**Exercise:** All that is wanted is the span of lines from the one with "with Quartz Countertop" to the last line of the data, copied exactly.

===== Given records =====

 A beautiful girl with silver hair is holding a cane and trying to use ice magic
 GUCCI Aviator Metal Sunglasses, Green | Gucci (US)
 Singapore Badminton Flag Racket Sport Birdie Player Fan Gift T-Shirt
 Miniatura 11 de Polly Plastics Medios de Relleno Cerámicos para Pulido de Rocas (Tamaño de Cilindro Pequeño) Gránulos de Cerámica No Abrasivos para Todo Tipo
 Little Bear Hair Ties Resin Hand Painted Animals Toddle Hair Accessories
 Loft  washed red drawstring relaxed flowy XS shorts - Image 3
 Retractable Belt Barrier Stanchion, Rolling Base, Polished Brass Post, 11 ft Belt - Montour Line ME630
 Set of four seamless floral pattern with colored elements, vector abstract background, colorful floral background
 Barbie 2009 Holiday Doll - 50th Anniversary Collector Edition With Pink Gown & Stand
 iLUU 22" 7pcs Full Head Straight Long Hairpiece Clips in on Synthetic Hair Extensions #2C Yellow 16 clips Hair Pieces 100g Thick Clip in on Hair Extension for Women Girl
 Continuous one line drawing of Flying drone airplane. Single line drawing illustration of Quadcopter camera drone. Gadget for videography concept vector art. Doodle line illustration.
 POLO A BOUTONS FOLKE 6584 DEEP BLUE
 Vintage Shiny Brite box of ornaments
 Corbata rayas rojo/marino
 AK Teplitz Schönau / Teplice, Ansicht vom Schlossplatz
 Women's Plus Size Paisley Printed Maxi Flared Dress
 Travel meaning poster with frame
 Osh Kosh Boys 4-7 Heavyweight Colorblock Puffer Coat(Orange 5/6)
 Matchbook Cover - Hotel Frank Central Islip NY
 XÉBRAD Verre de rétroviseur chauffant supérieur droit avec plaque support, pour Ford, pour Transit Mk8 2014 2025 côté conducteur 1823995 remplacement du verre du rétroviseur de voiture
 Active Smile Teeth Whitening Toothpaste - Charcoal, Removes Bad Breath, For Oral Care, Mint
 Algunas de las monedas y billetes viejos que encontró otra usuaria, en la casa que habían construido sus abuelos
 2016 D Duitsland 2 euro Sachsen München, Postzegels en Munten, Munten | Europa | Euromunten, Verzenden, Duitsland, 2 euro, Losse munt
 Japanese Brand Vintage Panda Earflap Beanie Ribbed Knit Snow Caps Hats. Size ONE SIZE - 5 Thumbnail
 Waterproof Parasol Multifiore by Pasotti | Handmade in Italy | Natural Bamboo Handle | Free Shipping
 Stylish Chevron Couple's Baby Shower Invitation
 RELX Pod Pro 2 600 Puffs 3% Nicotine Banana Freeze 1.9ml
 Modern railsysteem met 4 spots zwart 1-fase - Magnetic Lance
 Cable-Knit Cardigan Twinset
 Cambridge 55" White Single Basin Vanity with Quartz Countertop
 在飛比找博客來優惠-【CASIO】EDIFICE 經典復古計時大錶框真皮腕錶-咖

=====

**Reply:**
 Cambridge 55" White Single Basin Vanity with Quartz Countertop
 在飛比找博客來優惠-【CASIO】EDIFICE 經典復古計時大錶框真皮腕錶-咖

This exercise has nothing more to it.